We might still be in the midst of a dour recession, but the finger-pointing has been going on for some time now. You may recall the skewering by Congress of Alan Greenspan last October.
While many legislators have weighed in, we have heard little from bankers themselves. After all, was it not the bankers who were complicit in the CDS-securitization-easy-credit orgy?

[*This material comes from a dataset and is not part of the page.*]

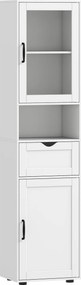 HOMCOM Coluna Casa de Banho com Porta de Vidro Prateleiras Ajustáveis Gaveta e Prateleira Aberta 40x30x165 cm Branco | Aosom Portugal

Fret not, we have a verdict. A study by Grant Thornton and Bank Director magazine came out today that polled about 340 banking industry CEOs and senior corporate officers about “what do you think are the main causes of the credit crisis?” Their answer: the government and politicians. While it is true that “lax underwriting standards” votes from 54% of the respondents, I did some calculating and found that of all the votes cast, 32.4% of the votes were cast for causes related to actions by the government or politicians, while 28.2% were industry-related.
The full list of causes the study suggested, and the percentage of banker votes each garnered, were:
* Lax underwriting standards – 54%
* Political emphasis on increasing home ownership – 46%
* Lack of oversight of the mortgage industry – 44%
* Inadequate understanding of risks – 40%
* Lack of oversight of Fannie Mae and Freddie Mac – 39%
* Credit default swaps – 18%
* Inappropriate or aggressive commissions for mortgage brokers – 18%
* Interest rates kept low for too long – 18%
* Use of the fair value accounting standard – 15%
* Mortgage fraud – 11%
* None of the above – 1%
The truth is we might never know what the true cause of the crisis was. Certainly, it’ll be the subject of many academic debates in the years to come. In fact, this kind of speculation right now is silly. I only wish the study had unveiled how to get us out of this mess, rather than just who was to blame for it. There would be nothing academic about that.